BP - 'Six months since BP appointed a new CEO with the promise of "growing the value", its market cap has slumped to a 2-year low of circa £75 billion. BP is a shadow of the mighty oil behemoth it once was -- and living on borrowed time.'.......Javier Blas - Bloomberg

Pivoting to renewables before the technology had been developed to generate acceptable commercial returns has proved a huge mistake for BP.

Exxon took a hard nosed view and continued pushing the overwhelming majority of its cash flow into O&G production development. Predictably, this incurred the wrath of the eco loon brigade but, the company has been proved entirely correct to do so:

5 Year Market Cap Low
$143 bn - Exxon
$33 bn - BP

Current Market Cap
$506 bn - Exxon
$74 bn - BP

Inconceivable a decade ago, BP is now of a size where its likely to increasingly become a bolt-on acquisition target for one of the three Majors!

mount teide
16/7/2024
12:12
ZeroGCoS - 'It was disappointing not seeing Vietnam mentioned in the guidance for the capex for 2024, not even for studies. It is clear that the negotiations for the gas sales agreement aren’t progressing towards enabling a FID in the short-term.

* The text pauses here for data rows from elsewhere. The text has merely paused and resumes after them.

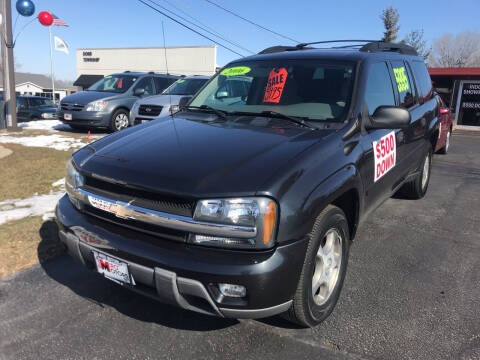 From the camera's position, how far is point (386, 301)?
2955 millimetres

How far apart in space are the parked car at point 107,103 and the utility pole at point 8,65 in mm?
1318

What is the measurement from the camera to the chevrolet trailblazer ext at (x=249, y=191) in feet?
6.77

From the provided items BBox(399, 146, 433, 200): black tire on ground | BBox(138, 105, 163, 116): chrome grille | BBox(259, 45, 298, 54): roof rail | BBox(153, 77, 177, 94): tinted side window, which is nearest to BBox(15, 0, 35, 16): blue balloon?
BBox(153, 77, 177, 94): tinted side window

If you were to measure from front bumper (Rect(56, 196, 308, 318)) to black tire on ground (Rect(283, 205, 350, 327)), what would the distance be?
92mm

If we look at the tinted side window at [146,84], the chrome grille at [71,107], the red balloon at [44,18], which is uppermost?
the red balloon at [44,18]

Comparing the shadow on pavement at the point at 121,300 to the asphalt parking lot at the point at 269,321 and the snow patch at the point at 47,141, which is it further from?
the snow patch at the point at 47,141

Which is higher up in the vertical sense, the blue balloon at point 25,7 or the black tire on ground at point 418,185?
the blue balloon at point 25,7

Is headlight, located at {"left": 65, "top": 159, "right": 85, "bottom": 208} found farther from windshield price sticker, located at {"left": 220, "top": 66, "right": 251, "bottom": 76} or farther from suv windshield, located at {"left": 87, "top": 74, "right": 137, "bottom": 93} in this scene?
suv windshield, located at {"left": 87, "top": 74, "right": 137, "bottom": 93}

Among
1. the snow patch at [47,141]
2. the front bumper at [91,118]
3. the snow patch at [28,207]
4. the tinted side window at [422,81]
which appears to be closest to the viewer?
the snow patch at [28,207]

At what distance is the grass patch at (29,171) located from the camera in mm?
5430

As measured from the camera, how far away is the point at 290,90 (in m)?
3.38

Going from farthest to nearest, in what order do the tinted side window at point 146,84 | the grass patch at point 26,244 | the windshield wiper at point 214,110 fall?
1. the tinted side window at point 146,84
2. the grass patch at point 26,244
3. the windshield wiper at point 214,110

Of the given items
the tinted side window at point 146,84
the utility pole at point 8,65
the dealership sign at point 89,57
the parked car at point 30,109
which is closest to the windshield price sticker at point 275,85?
the tinted side window at point 146,84

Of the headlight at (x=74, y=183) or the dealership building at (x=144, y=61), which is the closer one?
the headlight at (x=74, y=183)
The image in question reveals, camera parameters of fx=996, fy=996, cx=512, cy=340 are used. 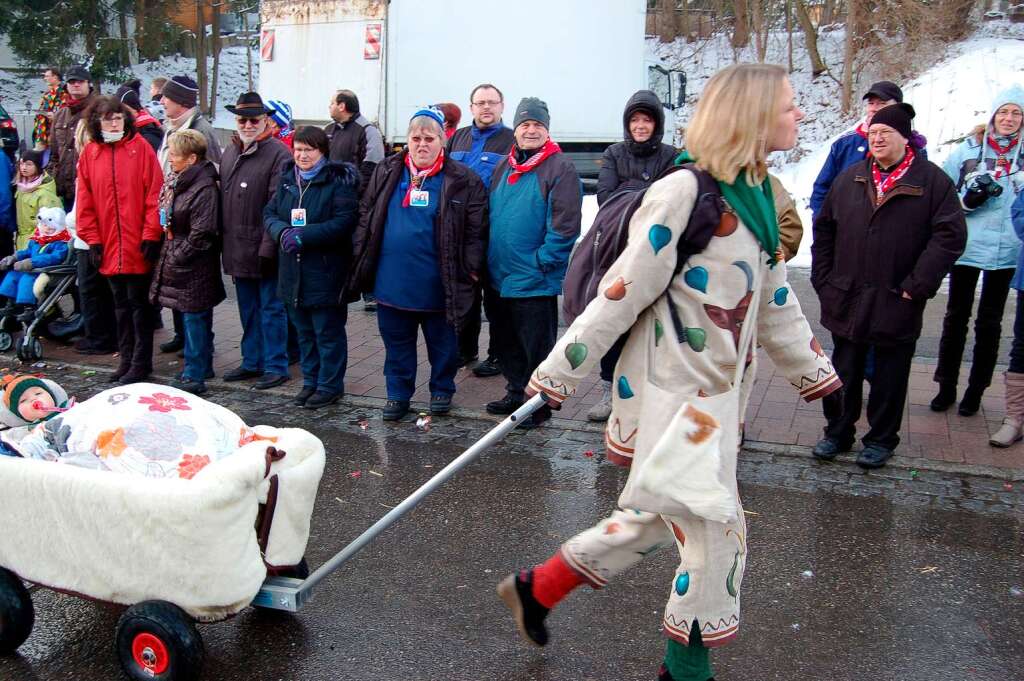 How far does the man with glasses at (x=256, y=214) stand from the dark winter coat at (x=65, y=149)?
8.00 ft

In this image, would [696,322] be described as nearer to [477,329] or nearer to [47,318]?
[477,329]

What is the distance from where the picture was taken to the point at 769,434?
19.8 ft

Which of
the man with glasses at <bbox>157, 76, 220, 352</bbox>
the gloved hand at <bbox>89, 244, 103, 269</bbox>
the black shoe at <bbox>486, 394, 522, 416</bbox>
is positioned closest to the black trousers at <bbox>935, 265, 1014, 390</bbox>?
the black shoe at <bbox>486, 394, 522, 416</bbox>

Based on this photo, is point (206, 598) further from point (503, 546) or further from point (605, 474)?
point (605, 474)

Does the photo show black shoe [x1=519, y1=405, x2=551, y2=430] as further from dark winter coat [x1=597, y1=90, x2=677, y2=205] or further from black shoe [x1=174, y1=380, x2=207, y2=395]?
black shoe [x1=174, y1=380, x2=207, y2=395]

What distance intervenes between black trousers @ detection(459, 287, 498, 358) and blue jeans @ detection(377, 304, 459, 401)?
23 cm

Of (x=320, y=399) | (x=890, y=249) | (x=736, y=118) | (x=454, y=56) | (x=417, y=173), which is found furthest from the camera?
(x=454, y=56)

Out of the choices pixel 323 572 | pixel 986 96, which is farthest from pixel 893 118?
pixel 986 96

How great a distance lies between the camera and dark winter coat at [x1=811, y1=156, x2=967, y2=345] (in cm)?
519

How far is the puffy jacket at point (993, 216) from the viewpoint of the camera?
19.5 ft

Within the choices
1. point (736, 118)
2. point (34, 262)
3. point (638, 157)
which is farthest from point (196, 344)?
point (736, 118)

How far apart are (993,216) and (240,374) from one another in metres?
5.25

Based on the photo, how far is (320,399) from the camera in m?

At least, Jadestone has finally signed the Heads of Agreement for the gas sales of Nam Du and U Minh Gas fields with Petrovietnam Gas Corporation and Vietnam Oil and Gas Group (Petrovietnam). This is an important step and will hopefully be followed by the gas purchase contract. Vietnam is supposed to become the next organic growth project for the company; now, it seems that the company is not pursuing its development at this moment.'

Disagree with ZGCoS with respect to development of the Vietnam assets. As mentioned previously here, the project will require circa $150-200m of upfront investment before first production, even with the supply of a circa $150m converted tanker FPSO being outsourced against a long term charter contract.

Additionally, the project carries very significant execution risk, as most shipyards are now fully booked out to 2026, suggesting that to time the availability of the FPSO to smoothly coincide with the completion of the marine civil engineering production infrastructure work at the field could be highly problematic.

I am relaxed about development of the Vietnam assets staying on the back burner for a year or two longer, unless a spectacular deal can be agreed with the Vietnamese.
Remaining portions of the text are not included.